Exercise objective >> The expected output is an exact copy of the lines from the one containing "Girls' Light Blue" to the final line below, minus any pictures.

Information shown >>
= Beginning of Section =

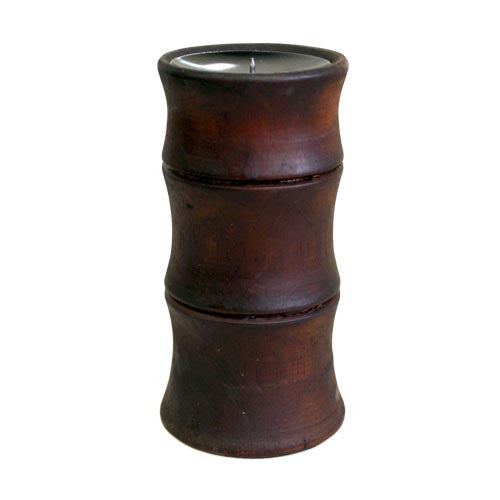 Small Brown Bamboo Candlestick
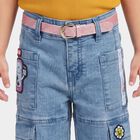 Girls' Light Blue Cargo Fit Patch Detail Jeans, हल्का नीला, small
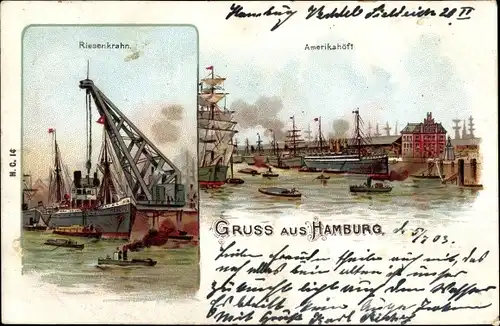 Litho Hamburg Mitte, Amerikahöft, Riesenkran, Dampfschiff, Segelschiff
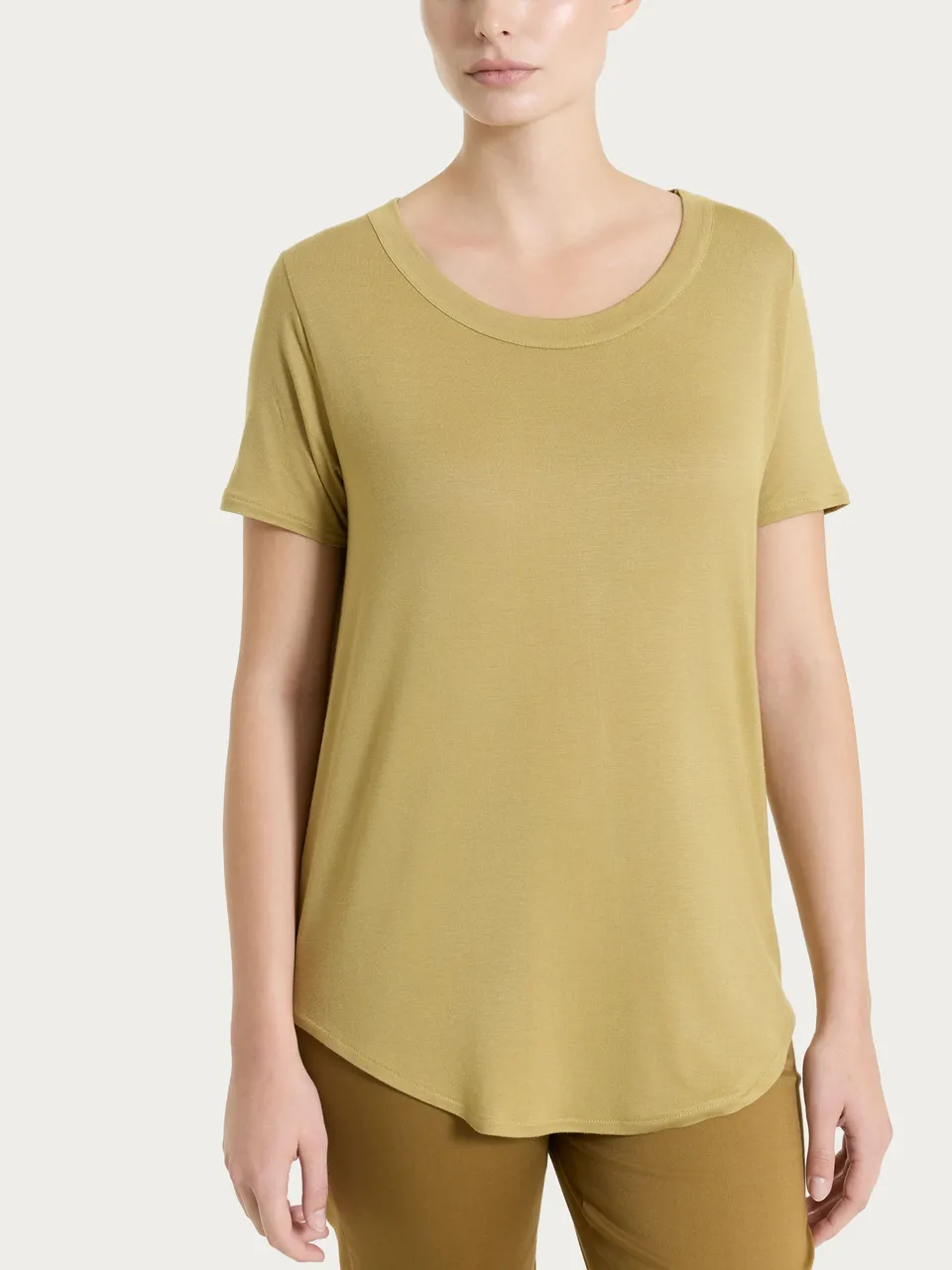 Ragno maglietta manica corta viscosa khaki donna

= End of Section =

Worked solution >>
 Girls' Light Blue Cargo Fit Patch Detail Jeans, हल्का नीला, small
 Litho Hamburg Mitte, Amerikahöft, Riesenkran, Dampfschiff, Segelschiff
 Ragno maglietta manica corta viscosa khaki donna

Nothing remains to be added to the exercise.